* _To do_: Return the listing exactly as it appears, but strip out the images.

Recorded information Block Start

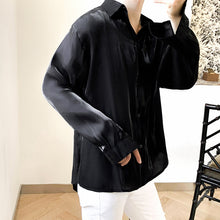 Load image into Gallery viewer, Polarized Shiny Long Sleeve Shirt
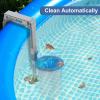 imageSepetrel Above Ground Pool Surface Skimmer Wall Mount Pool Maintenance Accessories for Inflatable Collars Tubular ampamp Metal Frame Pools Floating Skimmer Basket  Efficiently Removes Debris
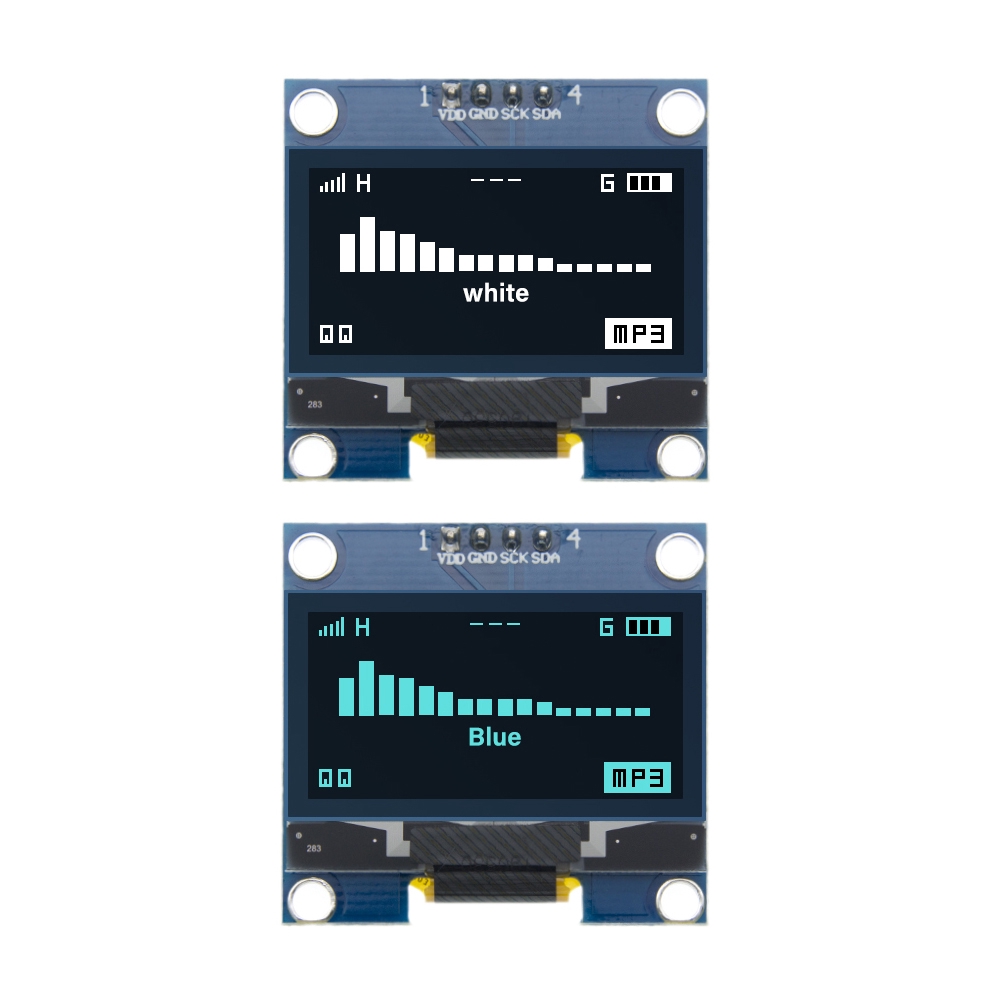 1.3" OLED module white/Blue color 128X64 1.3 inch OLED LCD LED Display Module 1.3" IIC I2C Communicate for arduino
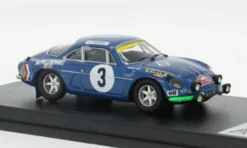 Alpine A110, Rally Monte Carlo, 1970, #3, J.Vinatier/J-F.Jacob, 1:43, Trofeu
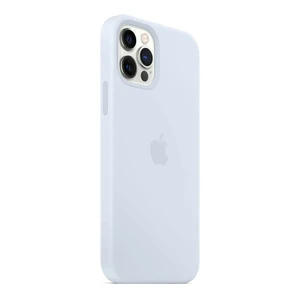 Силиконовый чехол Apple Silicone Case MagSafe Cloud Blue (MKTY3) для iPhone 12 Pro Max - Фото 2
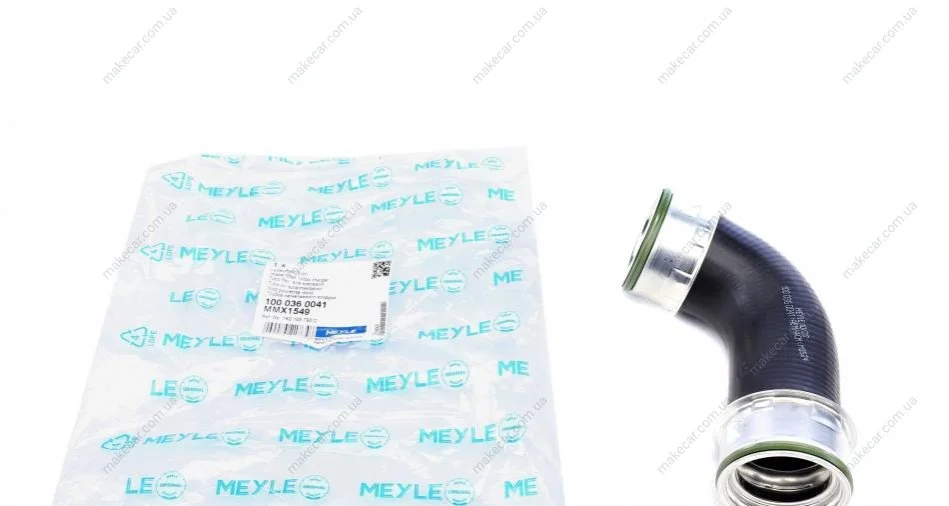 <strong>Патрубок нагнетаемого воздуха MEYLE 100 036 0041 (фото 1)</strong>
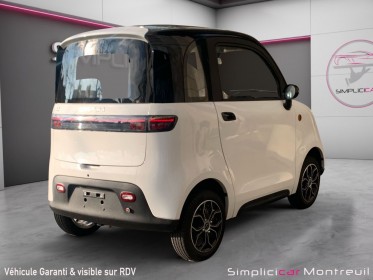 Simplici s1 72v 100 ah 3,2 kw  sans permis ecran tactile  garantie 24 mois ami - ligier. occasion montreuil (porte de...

Recorded information Block End

* _Written reply_:
 Load image into Gallery viewer, Polarized Shiny Long Sleeve Shirt
 imageSepetrel Above Ground Pool Surface Skimmer Wall Mount Pool Maintenance Accessories for Inflatable Collars Tubular ampamp Metal Frame Pools Floating Skimmer Basket  Efficiently Removes Debris
 1.3" OLED module white/Blue color 128X64 1.3 inch OLED LCD LED Display Module 1.3" IIC I2C Communicate for arduino
 Alpine A110, Rally Monte Carlo, 1970, #3, J.Vinatier/J-F.Jacob, 1:43, Trofeu
 Силиконовый чехол Apple Silicone Case MagSafe Cloud Blue (MKTY3) для iPhone 12 Pro Max - Фото 2
 <strong>Патрубок нагнетаемого воздуха MEYLE 100 036 0041 (фото 1)</strong>
 Simplici s1 72v 100 ah 3,2 kw  sans permis ecran tactile  garantie 24 mois ami - ligier. occasion montreuil (porte de...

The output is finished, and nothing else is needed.